O comércio vicinal é aquele voltado ao atendimento do público do entorno imediato. São estabelecimentos pensados para o dia a dia, que fazem parte da rotina dos moradores e trabalhadores da região. Padarias de bairro, farmácias locais, pequenos mercados, salões de beleza e lojas de conveniência são exemplos clássicos.

Nesse tipo de comércio, grande parte dos clientes chega a pé, de bicicleta ou utilizando o transporte público, muitas vezes “na rota de volta para casa de ônibus”. Por esse motivo, a demanda por vagas de estacionamento é menor. A rotatividade costuma ser alta e o tempo de permanência reduzido, o que também diminui a pressão sobre o número de vagas necessárias.

O que caracteriza o comércio de destino?

Já o comércio de destino — também chamado de comércio setorial — é aquele que atrai clientes de diferentes bairros ou até de outras cidades.
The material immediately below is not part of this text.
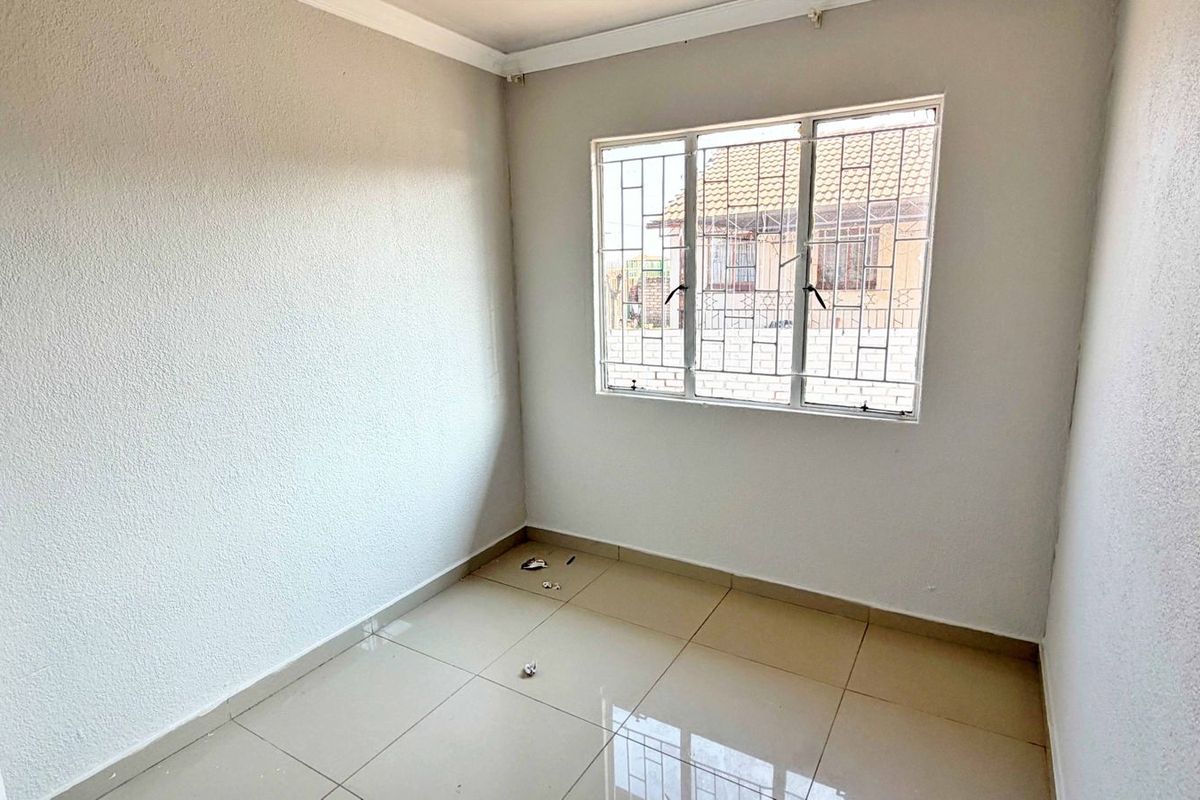A bright, empty bedroom featuring neutral tiled flooring, white walls, and a window fitted with security bars.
Clínicas especializadas, academias, escolas, grandes lojas, escritórios corporativos, centros de serviços e estabelecimentos de saúde se enquadram nessa categoria.

Nesses casos, o deslocamento por automóvel é muito mais comum, seja pela distância, pela duração da permanência ou pelo perfil do serviço oferecido. Por isso, a disponibilidade de estacionamento deixa de ser um diferencial e passa a ser um requisito básico para a competitividade do negócio.
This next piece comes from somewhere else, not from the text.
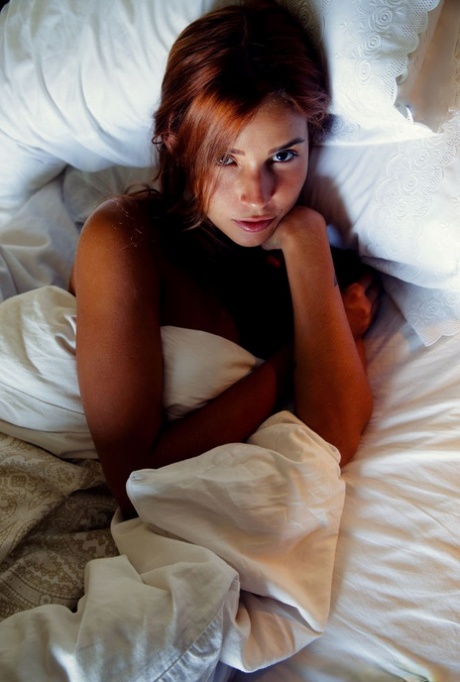 Natural redhead Agatha Vega holds her pigtails while totally naked 83847160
O papel da legislação na definição de vagas

As legislações municipais — como o Código de Obras e a Lei de Uso e Ocupação do Solo — estabelecem parâmetros mínimos de vagas de estacionamento de acordo com a atividade exercida e a área construída do imóvel. Em geral, comércios vicinais possuem exigências menores, enquanto atividades consideradas de maior impacto urbano exigem mais vagas.

Por exemplo:

  • Pequenas lojas de bairro podem ter exigência reduzida ou até isenção, dependendo da metragem e da localização.
  • Clínicas, escolas e academias costumam ter exigências proporcionais ao número de salas, alunos ou área de atendimento.
  • Grandes centros comerciais precisam prever vagas para clientes, funcionários e, em alguns casos, áreas específicas para carga e descarga.
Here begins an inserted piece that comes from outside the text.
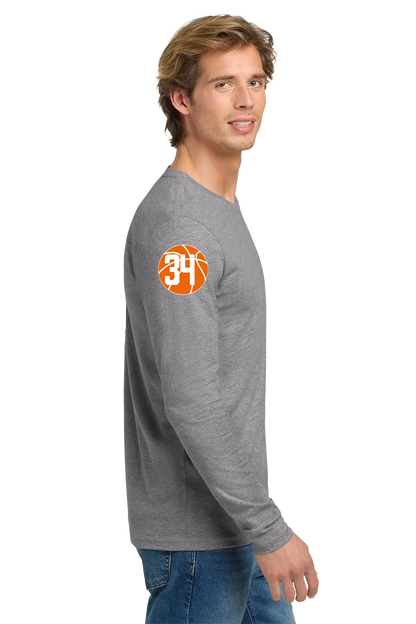 Man wearing a gray long-sleeve shirt with a logo on the sleeve against a white background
Estar em conformidade com essas regras é fundamental para obtenção de alvarás e funcionamento regular do negócio.

Impactos no valor do imóvel e do aluguel

A adequação do número de vagas ao tipo de comércio influencia diretamente o valor de locação e a atratividade do imóvel. Um ponto comercial bem localizado, mas sem vagas suficientes para um comércio de destino, pode ter seu valor reduzido ou enfrentar maior dificuldade de ocupação. Por outro lado, imóveis com vagas compatíveis com a atividade proposta tendem a ser mais valorizados e disputados.

Por isso, antes de alugar ou investir em um espaço comercial, é essencial alinhar o perfil do negócio, a legislação vigente e a infraestrutura disponível. Na Top Soluções Imobiliárias, essa análise faz parte do nosso trabalho: ajudar você a encontrar imóveis que façam sentido não apenas hoje, mas também no longo prazo.